┌────────
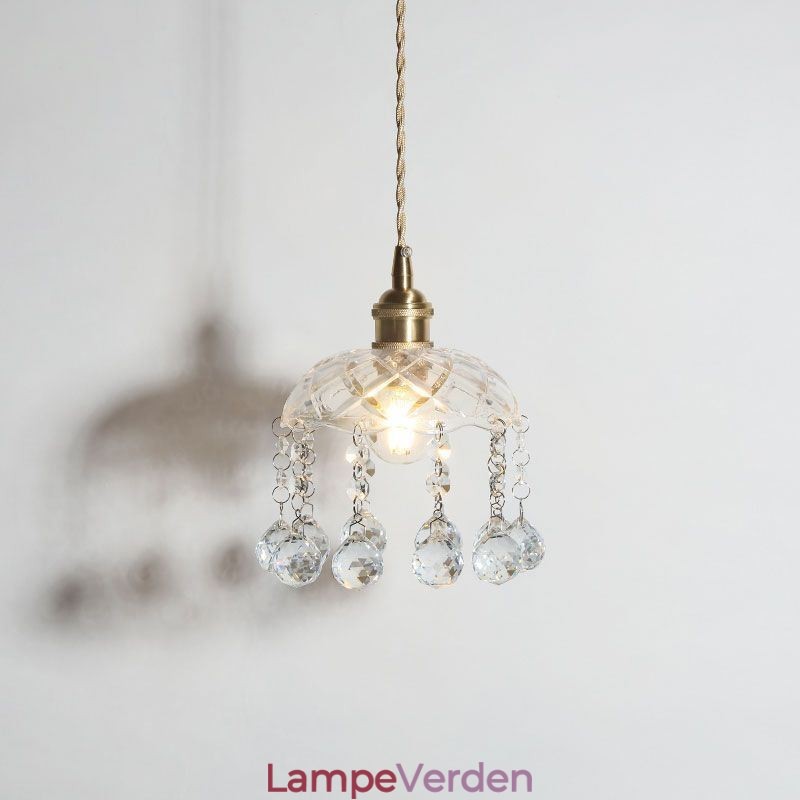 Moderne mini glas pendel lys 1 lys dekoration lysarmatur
└────────
┌────────
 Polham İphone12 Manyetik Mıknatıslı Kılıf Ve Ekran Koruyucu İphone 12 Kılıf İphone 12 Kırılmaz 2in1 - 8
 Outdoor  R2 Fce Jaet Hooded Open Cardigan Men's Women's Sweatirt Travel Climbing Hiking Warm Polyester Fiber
└────────
┌────────
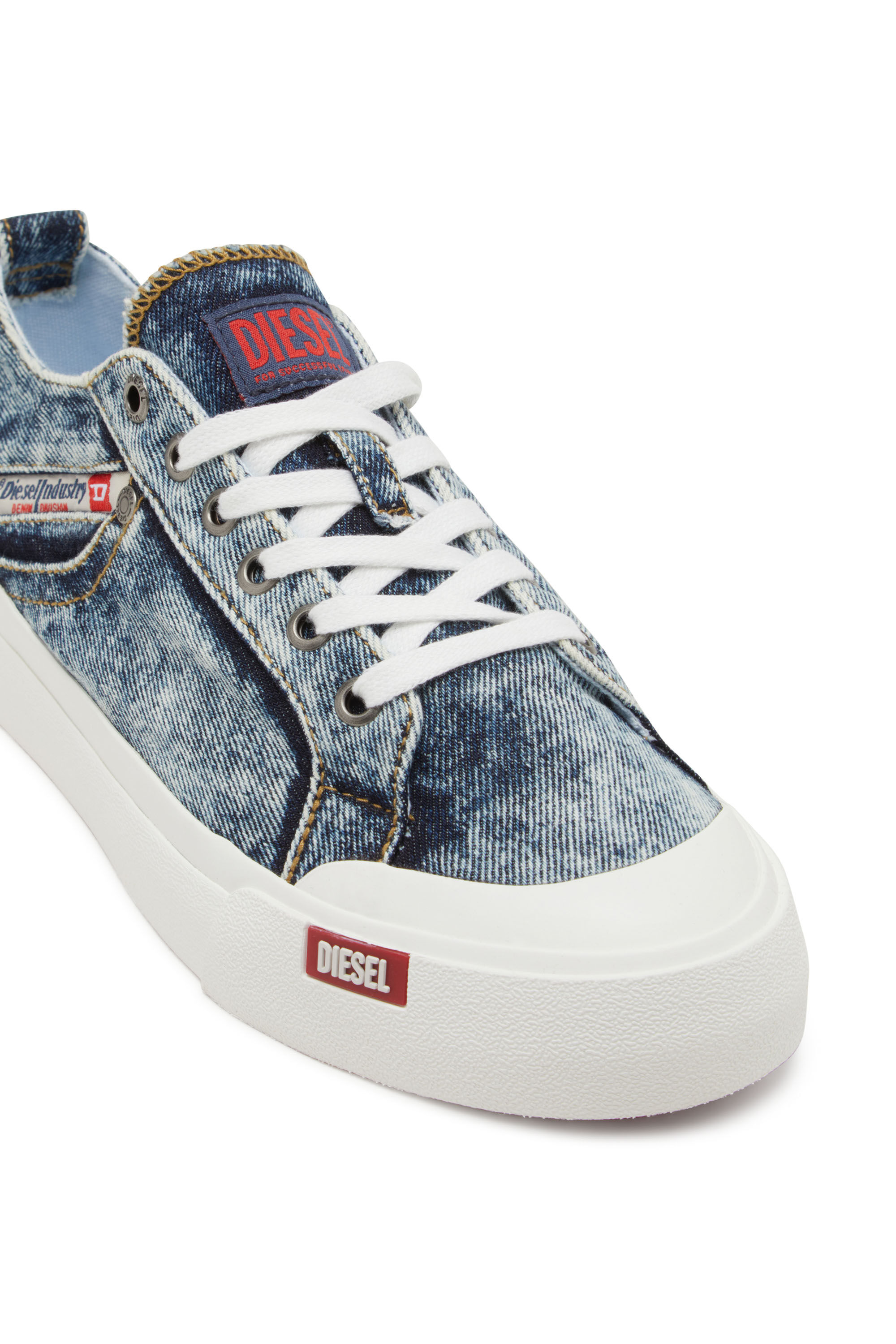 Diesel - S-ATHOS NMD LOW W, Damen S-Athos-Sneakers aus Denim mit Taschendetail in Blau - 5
└────────
Work instruction:
Look above for the line with "Polham İphone12 Manyetik" and the line with "Warm Polyester Fiber"; transcribe both and all lines in between, exactly, and nothing else.

Answer below:
 Polham İphone12 Manyetik Mıknatıslı Kılıf Ve Ekran Koruyucu İphone 12 Kılıf İphone 12 Kırılmaz 2in1 - 8
 Outdoor  R2 Fce Jaet Hooded Open Cardigan Men's Women's Sweatirt Travel Climbing Hiking Warm Polyester Fiber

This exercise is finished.